Treasury Unveils Stress Tests for Extreme Slump

WASHINGTON — The Treasury Department announced details Wednesday of how it and federal regulators plan to do stress tests of the 19 largest banks to determine whether they have enough capital to survive a severe recession.

Regulators are to examine banks with more than $100 billion of assets under two scenarios: a baseline reflecting consensus expectations and a more adverse scenario. Both would specifically project gross domestic product growth, the unemployment rate, and changes in housing prices.

The Capital Assistance Program, or CAP, "is designed to ensure that major U.S. banking organizations have sufficient capital to perform their critical role in our financial system on an ongoing basis and can support economic recovery, even in more severe economic environments," the bank regulators said in a statement.

Under the more adverse scenario, the test is to assume a GDP of negative 3.3% in 2009 and a gain of 0.5% in 2010; it will test an unemployment rate of 8.9% in 2009 and 10.3% in 2010; and it will assume house price declines of 22% in 2009 and 7% in 2010.

After the tests, which the Treasury said it expects to complete by the end of April, regulators will determine whether a bank needs more capital. If it does, the bank will have six months to raise it in the private sector or opt for access to capital from the Treasury. The tests will be done by interagency teams to ensure consistency.

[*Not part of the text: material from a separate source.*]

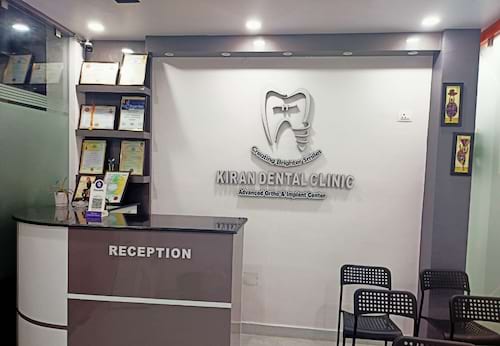 Kiran Dental Clinic (Advanced Ortho and Implant center) in India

The new capital will be in the form of convertible preferred securities that can be converted to common stock at a 10% discount to the Feb. 9 market price. The securities would carry a 9% dividend yield and be convertible after approval of an institution's primary federal regulator.

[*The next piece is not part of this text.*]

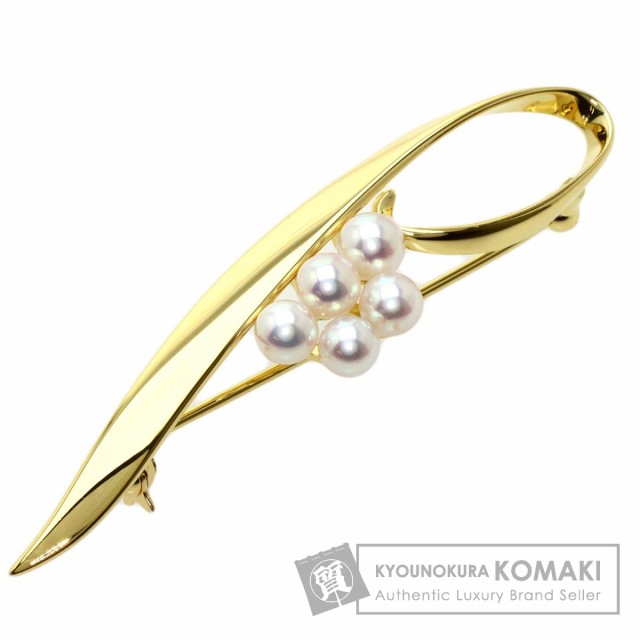 ミキモトMIKIMOTO ダイヤモンド あこや真珠 パール ペンダントトップ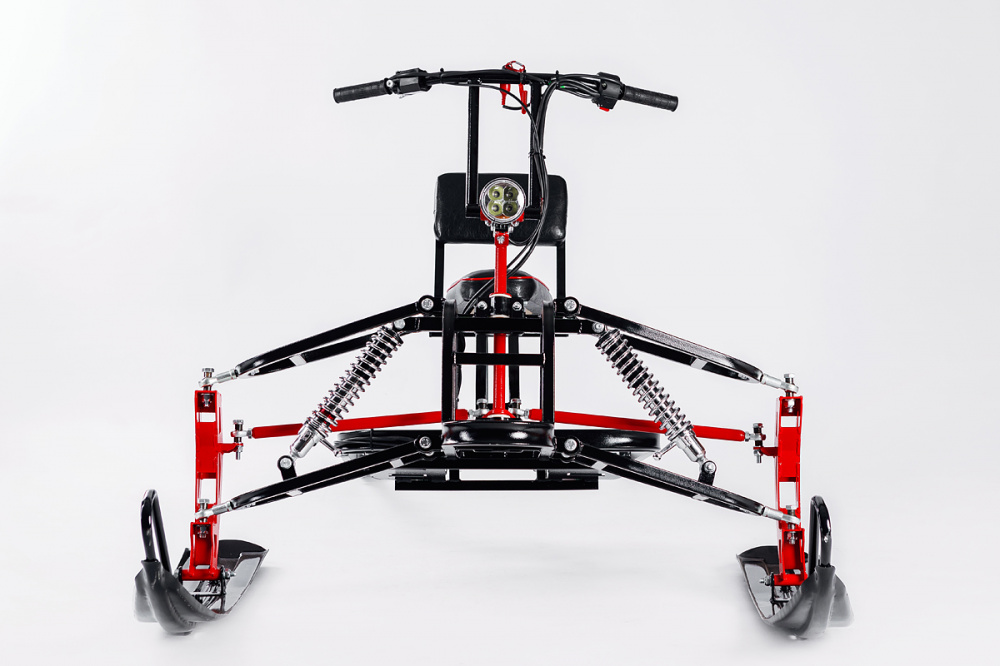 Лыжный модуль IKUDZO с подогревом ручек пластиковые лыжи в Подольске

The stock would automatically convert into common equity if it is not redeemed or converted after seven years.

Treasury said banks that have already received funds from the Capital Purchase Program begun last October are eligible to apply for more funds through CAP. Existing preferred shares may also be changed to convertible shares.

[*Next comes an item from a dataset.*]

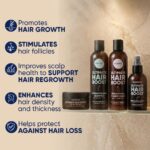 Moérie Hair Growth Shampoo, Conditioner, Spray and Mask for Men and Women, Hair ... - Image 4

Banks applying for government funds will have to explain how they intend to use the capital "to preserve and strengthen their lending capacity — specifically, to increase lending above levels relative to what would have been possible without government support."

The Treasury said it would make these plans public.

Recipients will also be subject to restrictions on paying common stock quarterly dividends, repurchasing shares, and pursuing cash acquisitions.

V. Gerard Comizio, a partner in the corporate department at Paul, Hastings, Janofsky & Walker LLP, questioned whether private investors would come to a bank's aid if the government has deemed it to have "failed" a stress test.

"The real story here is how the government will sell the private investor market to invest in undercapitalized banks," Mr. Comizio said. "If the primary issue is a bank's need for a 'capital buffer' under the stress test and no private-sector capital steps up, why use real taxpayer money to strengthen the buffer, versus a government guarantee or certificate promising to add to the buffer, if needed?"

A senior government official speaking on condition of anonymity dismissed the idea that the test was pass/fail.

"It is one tool the examiners will use to understand the risks of a firm's activities, its balance sheets, its commitment[s]," the official said. "The assessment is going to include risk far greater than what is represented — far greater, meaning more expansive, not deeper, but more expansive than what the template would suggest."

The official said the Treasury will not publish the test results.

Under the tests, regulators will consider the inherent risks of an institution's exposures and business activities, the quality of the balance sheet assets, off-balance-sheet commitments, earnings projections, expectations regarding economic conditions, and the composition and quality of its capital.

Treasury declined to answer how much money would be invested through the CAP but said there would be no cap on the funds available.

President Obama said in a speech Tuesday night that the $700 billion already allocated to the Troubled Asset Relief Program is unlikely to be sufficient to accomplish all of its goals.